For the years ended December 31, 2012, 2011 and 2010, our consolidated statement of operations includes restructuring charges relating to various initiatives of $38.0 million, $56.4 million and $54.7 million, respectively.
Additional efficiency and cost saving initiatives are being developed, however, we presently do not have firm plans or estimates of any related expenses.
See Note 13 of the Notes to our consolidated financial statements included in this Annual Report under caption “Item 8—Financial Statements and Supplementary Data.”

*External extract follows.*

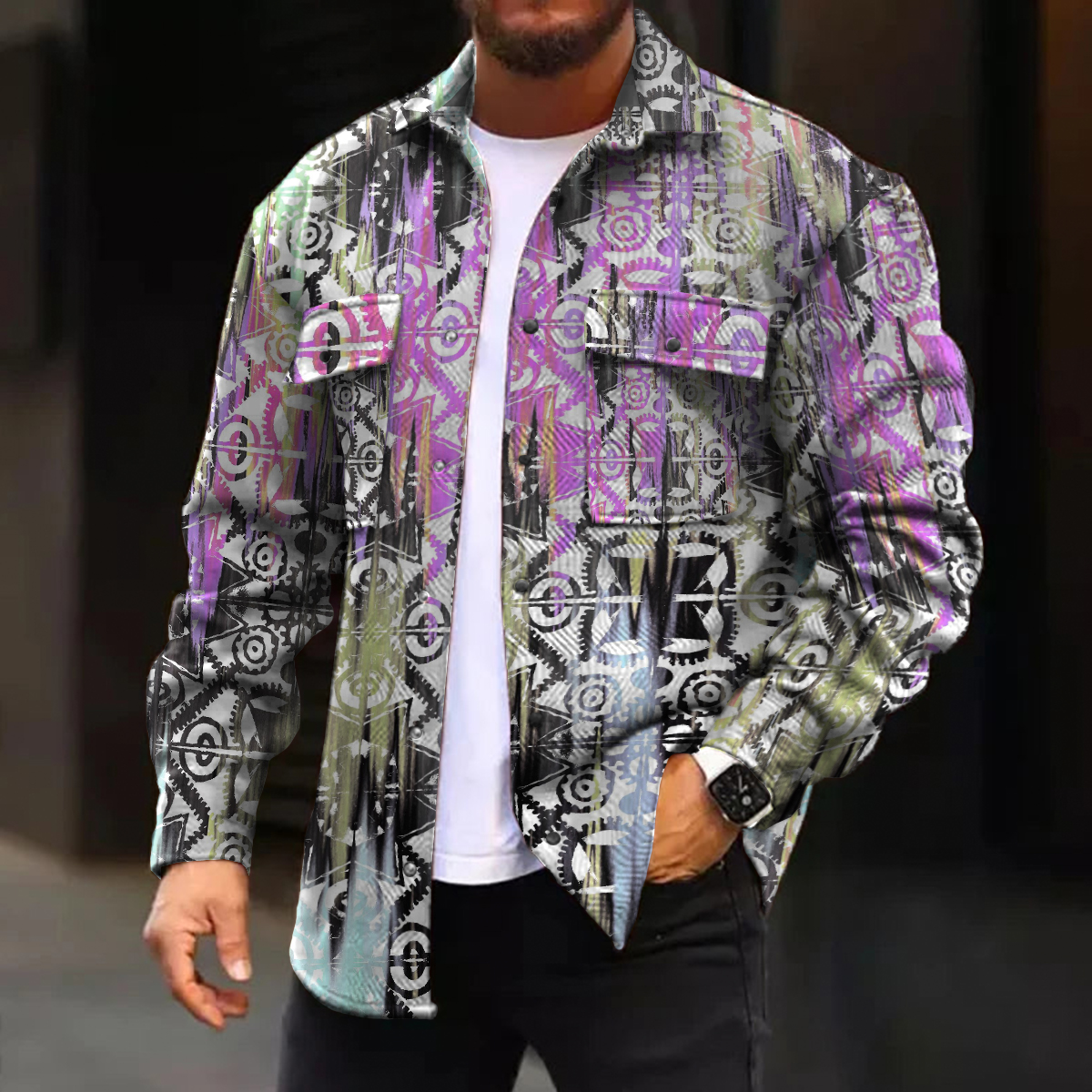 Men's Casual Jacket Retro Multicolor Geometric Print Long Sleeve Pockets Shirt Jacket
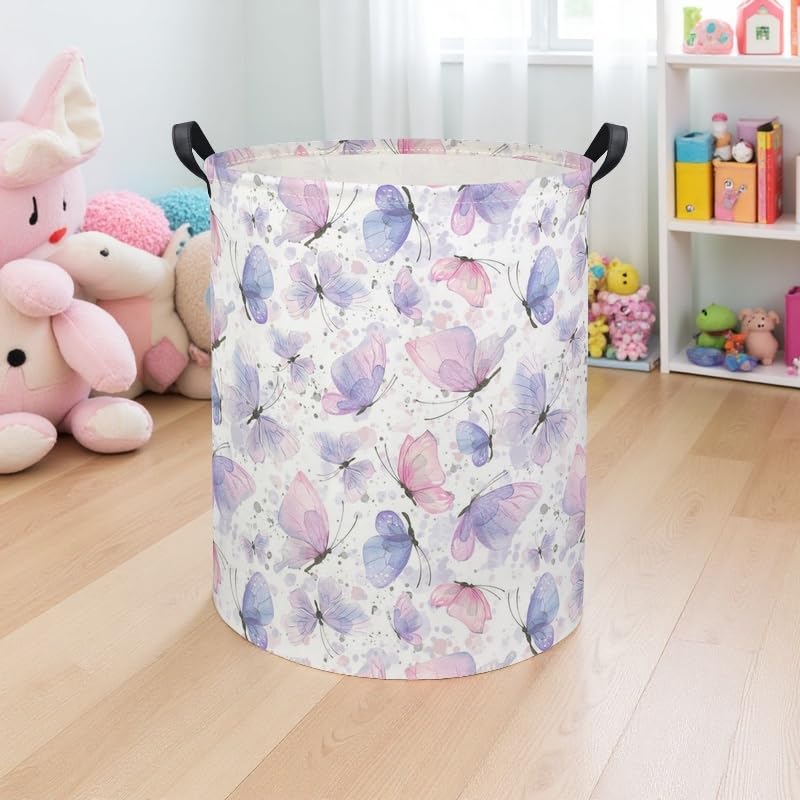 Tibaolover Butterfly Baby Laundry Basket Kids Hamper Animal Toy Storage Bin For Boys Room Decor Baby Nursery Hamper Gift Baskets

Critical Accounting Policies and Estimates
Our discussion and analysis of financial condition and results of operations are based upon our consolidated financial statements, which have been prepared in accordance with accounting principles generally accepted in the United States of America, or “GAAP.” The preparation of these financial statements requires management to make estimates and judgments that affect the reported amounts in our financial statements and accompanying notes.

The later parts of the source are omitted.